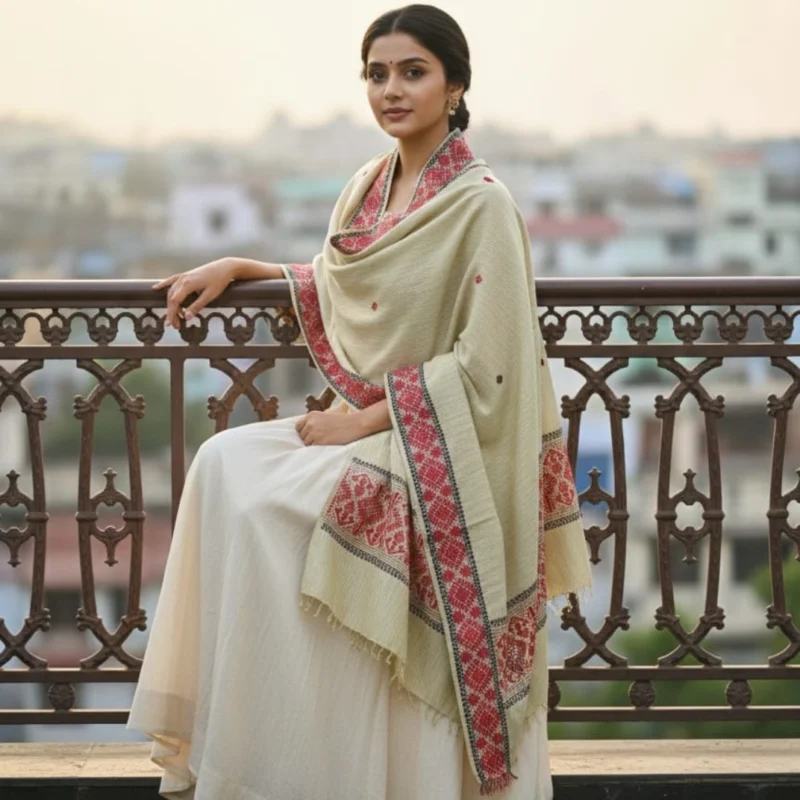 Rangmala Floral Handloom Side Border Stole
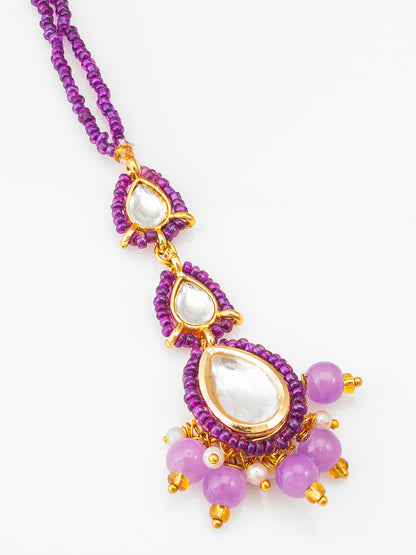 Aadita Pink Kundan Pearl Beaded Maang Tikka for Women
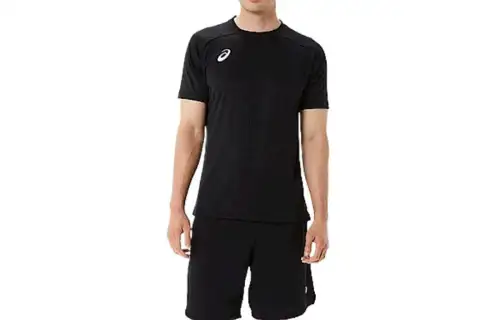 ASICS T Shirts Men's Black Crew Neck Moderate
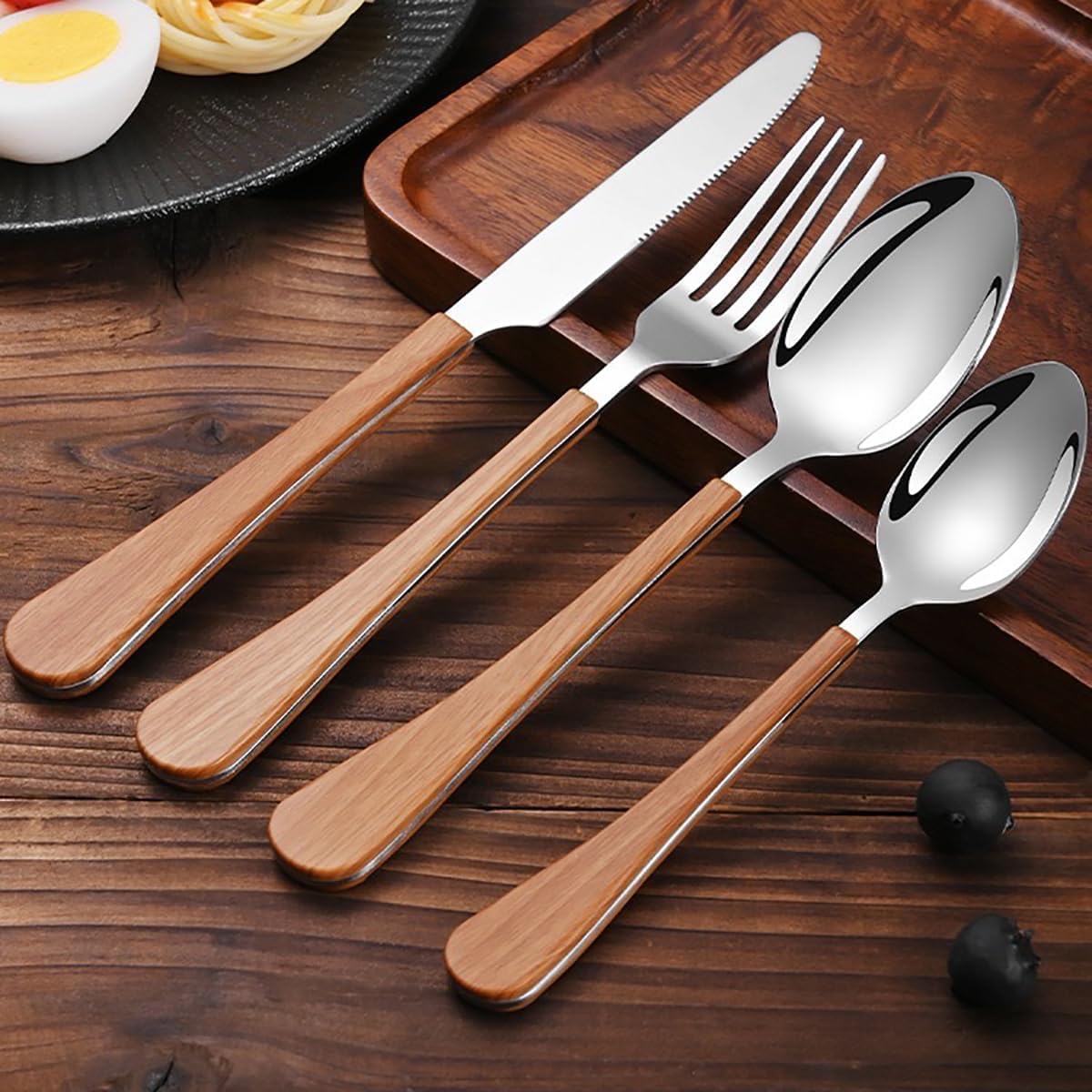 Este Juego de Cubiertos con Mango de Madera de 10 Piezas de Acero Inoxidable Incluye Cuchillos de Mesa, Tenedores, cucharas y cucharillas de té para el hogar, la Cocina y restaurantes, Color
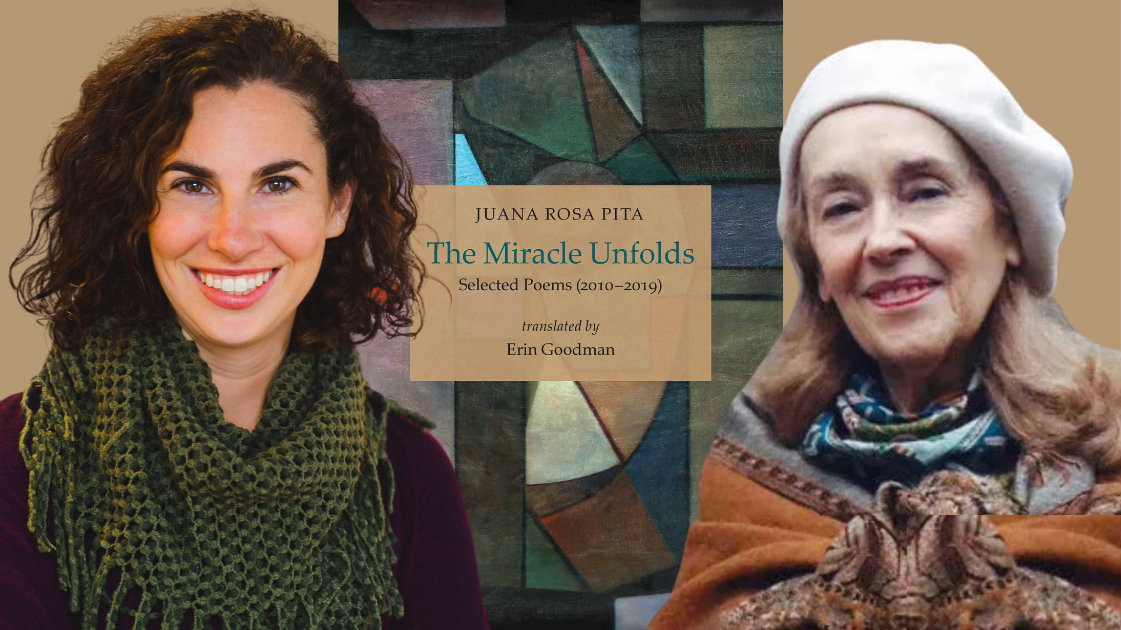 Juana Rosa Pita and Erin Goodman and the front cover of Juana's book titled The miracle unfolds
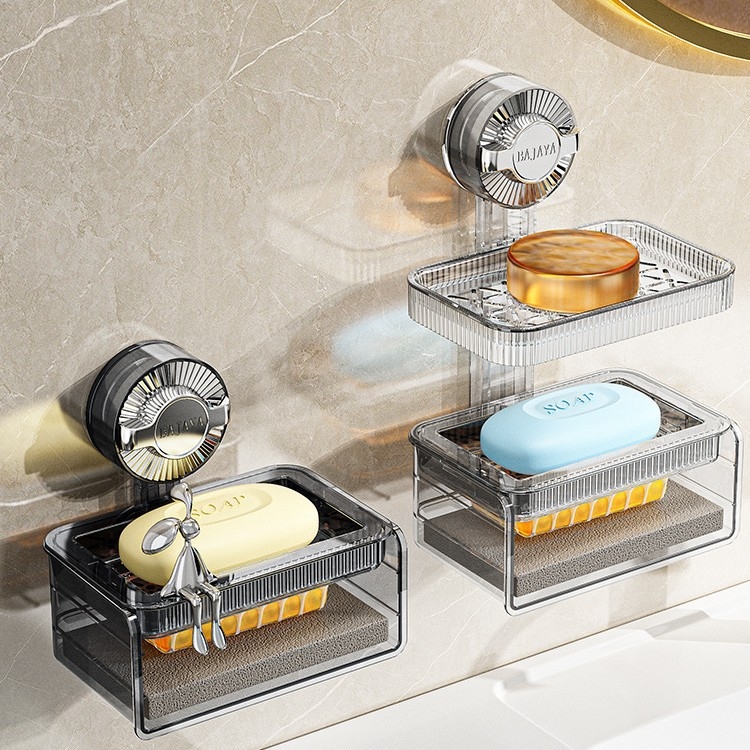 Prozirna zidna kutija za sapun s usisnom čašicom, dvostruka razina, odvod špongu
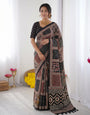 Black Modal Silk Saree with Tribal & Geometric Print | Designer Heritage Pallu Saree for Festive Wear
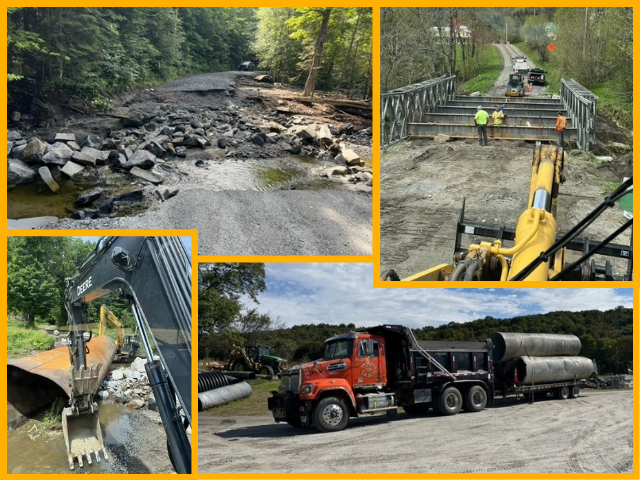 photo collage of Cabot Vt road crew at work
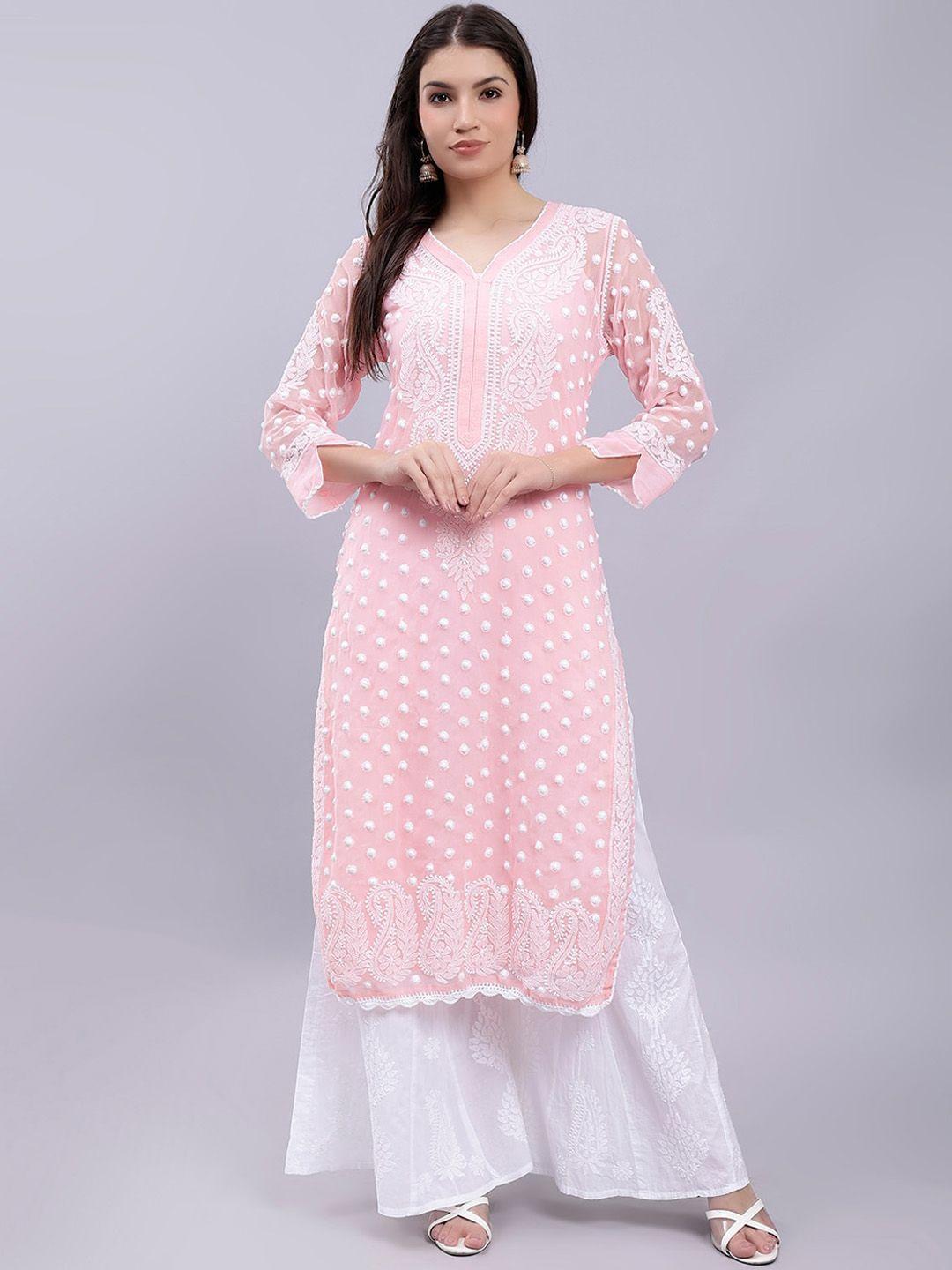 seva chikan ethnic motifs embroidered chikankari georgette kurta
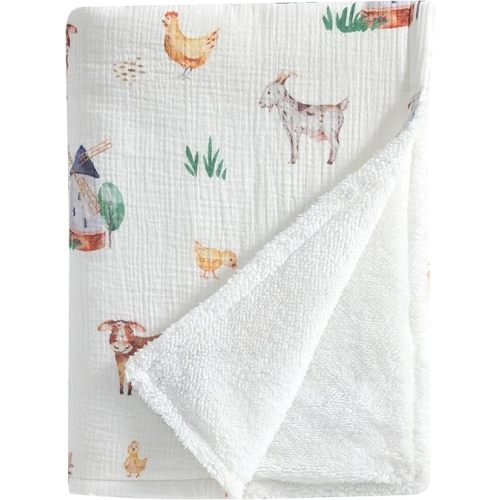 Baby Blanket 40x30 Farm Animals - Cotton Fleece Crib Blanket for Boys Girls, Soft Breathable Nursery Stroller Blanket, Cow Pig Sheep Baby Blanket for Infant Toddler, Machine Washable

Task goal: Reproduce the lines of the listing exactly, starting at the one that contains "Prozirna zidna kutija" and continuing through the final line, but leave out the pictures.

Task result:
 Prozirna zidna kutija za sapun s usisnom čašicom, dvostruka razina, odvod špongu
 Black Modal Silk Saree with Tribal & Geometric Print | Designer Heritage Pallu Saree for Festive Wear
 photo collage of Cabot Vt road crew at work
 seva chikan ethnic motifs embroidered chikankari georgette kurta
 Baby Blanket 40x30 Farm Animals - Cotton Fleece Crib Blanket for Boys Girls, Soft Breathable Nursery Stroller Blanket, Cow Pig Sheep Baby Blanket for Infant Toddler, Machine Washable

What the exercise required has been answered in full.